# Leash Walking



## Guest (May 25, 2009)

Savannah, my rescued shepherd cross, dislikes going for leash walks. She will, however, walk with me off-leash and is totally reliable off-leash. If I wanted to take her for a walk around the neighborhood, she would have to be leashed. She does not like being leash - walked. I can put her leash on with no problems and she gets very excited if we are going in the car to the park to run off-leash.

Do any of you have problems with leash-walking your dogs? I was just wondering. I can't seem to get Savannah interested in going for leash walks with me around the neighborhood.


----------



## rannmiller (Jun 27, 2008)

What does she do on-leash?


----------



## Guest (May 25, 2009)

Once she realizes we are going down the driveway toward the road, she stops dead in her tracks (or sits) and pulls back.
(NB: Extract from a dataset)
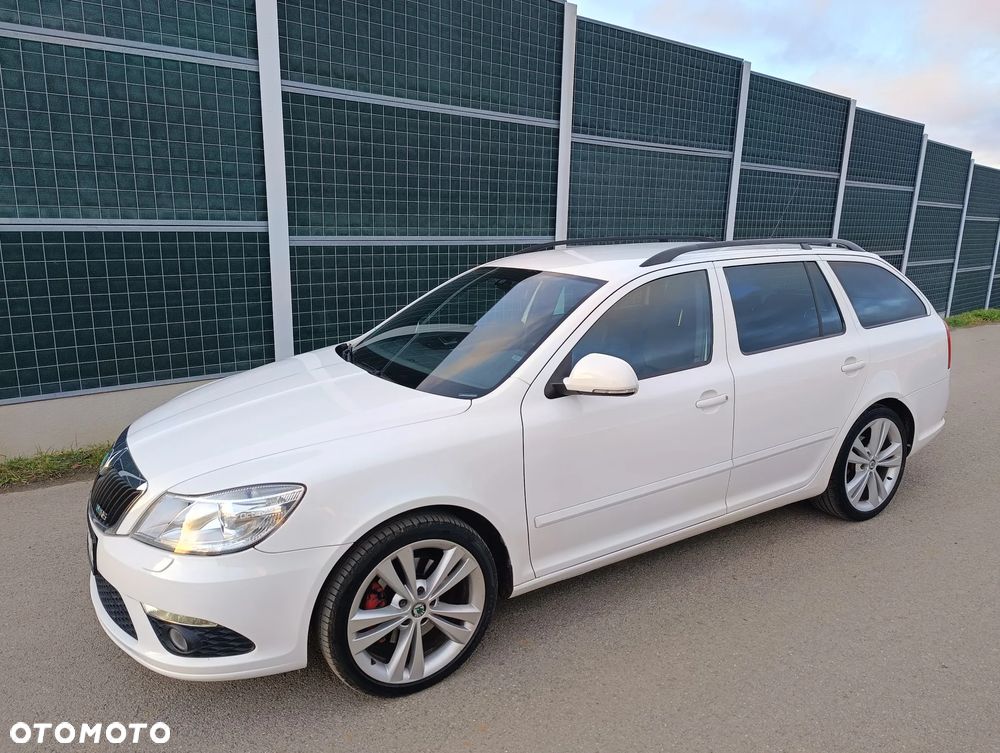 Skoda Octavia 2.0 TDI CR DPF RS - 9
She turns around and walks back toward the house.


----------



## Guest (May 26, 2009)

It's clear that she just doesn't want to go for a walk down the road. So, let it be. One would think how lucky she is to have an owner who is willing to walk her everyday, sometimes more than once, and go for long hikes off-leash, too. Too many dog owners are content to just stick their dog in the yard and leave it there all day. Again, I say, let it be. If she doesn't want to walk, fine.


----------



## RawFedDogs (Jun 16, 2008)

Do you think it's the leash she doesn't like or the location you are trying to walk her she doesn't like? If you take her to the place you walk her off leash and try to walk her on leash, how does she react? 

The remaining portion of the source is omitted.